TASK BRIEF. Return each line of the data below verbatim; pictures are to be left out.

MATERIAL PROVIDED.
● ● ● ● ● ● ●

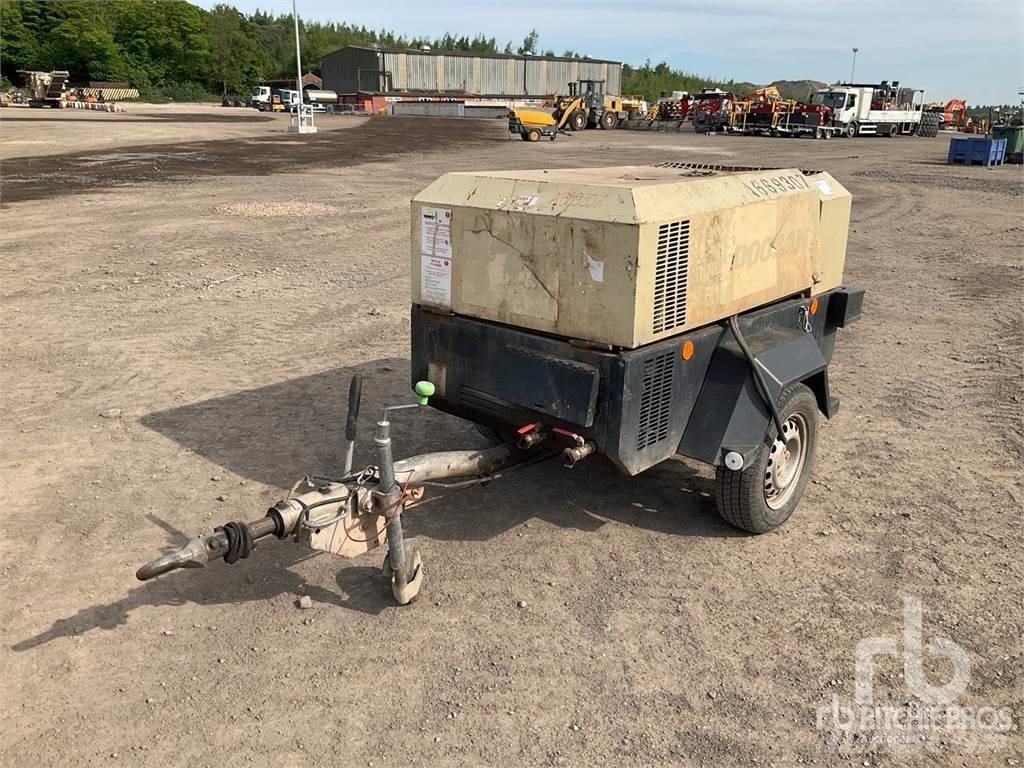 Doosan 7/41 Compresseur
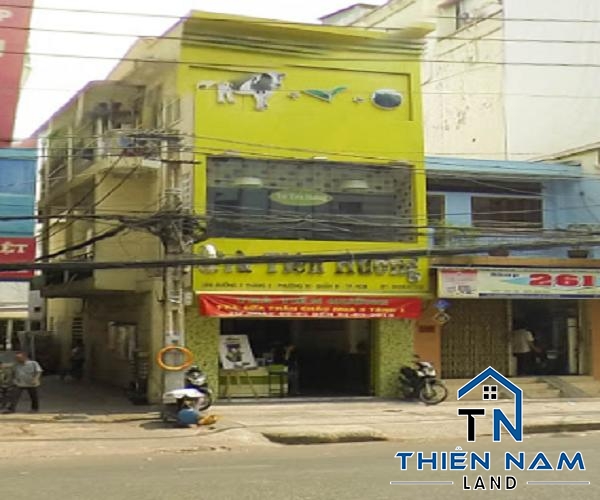 Mặt bằng cho thuê MT đường 3 Tháng 2, Phường 10, Quận 10
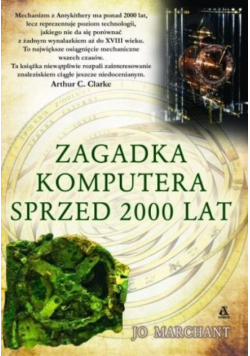Zagadka komputera sprzed 2000 lat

● ● ● ● ● ● ●

WRITTEN SOLUTION.
 Doosan 7/41 Compresseur
 Mặt bằng cho thuê MT đường 3 Tháng 2, Phường 10, Quận 10
Zagadka komputera sprzed 2000 lat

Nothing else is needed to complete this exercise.